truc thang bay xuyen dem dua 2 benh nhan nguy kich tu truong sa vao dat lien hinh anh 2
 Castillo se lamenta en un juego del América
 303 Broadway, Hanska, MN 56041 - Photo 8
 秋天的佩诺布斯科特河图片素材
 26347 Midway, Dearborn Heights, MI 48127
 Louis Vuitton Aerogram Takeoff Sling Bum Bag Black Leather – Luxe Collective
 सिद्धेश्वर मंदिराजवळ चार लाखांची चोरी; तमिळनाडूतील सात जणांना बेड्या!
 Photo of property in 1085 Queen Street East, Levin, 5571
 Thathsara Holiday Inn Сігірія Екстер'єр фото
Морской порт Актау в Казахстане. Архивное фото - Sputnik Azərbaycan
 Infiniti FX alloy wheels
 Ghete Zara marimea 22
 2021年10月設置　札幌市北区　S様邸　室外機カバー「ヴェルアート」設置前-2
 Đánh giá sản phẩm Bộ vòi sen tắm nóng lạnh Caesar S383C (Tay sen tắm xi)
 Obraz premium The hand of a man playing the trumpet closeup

※ ※ ※

Exercise >> Write out only the lines from the very start of the entries above to the line that includes "Морской порт Актау", both ends included, each one unchanged.

Task response >>
truc thang bay xuyen dem dua 2 benh nhan nguy kich tu truong sa vao dat lien hinh anh 2
 Castillo se lamenta en un juego del América
 303 Broadway, Hanska, MN 56041 - Photo 8
 秋天的佩诺布斯科特河图片素材
 26347 Midway, Dearborn Heights, MI 48127
 Louis Vuitton Aerogram Takeoff Sling Bum Bag Black Leather – Luxe Collective
 सिद्धेश्वर मंदिराजवळ चार लाखांची चोरी; तमिळनाडूतील सात जणांना बेड्या!
 Photo of property in 1085 Queen Street East, Levin, 5571
 Thathsara Holiday Inn Сігірія Екстер'єр фото
Морской порт Актау в Казахстане. Архивное фото - Sputnik Azərbaycan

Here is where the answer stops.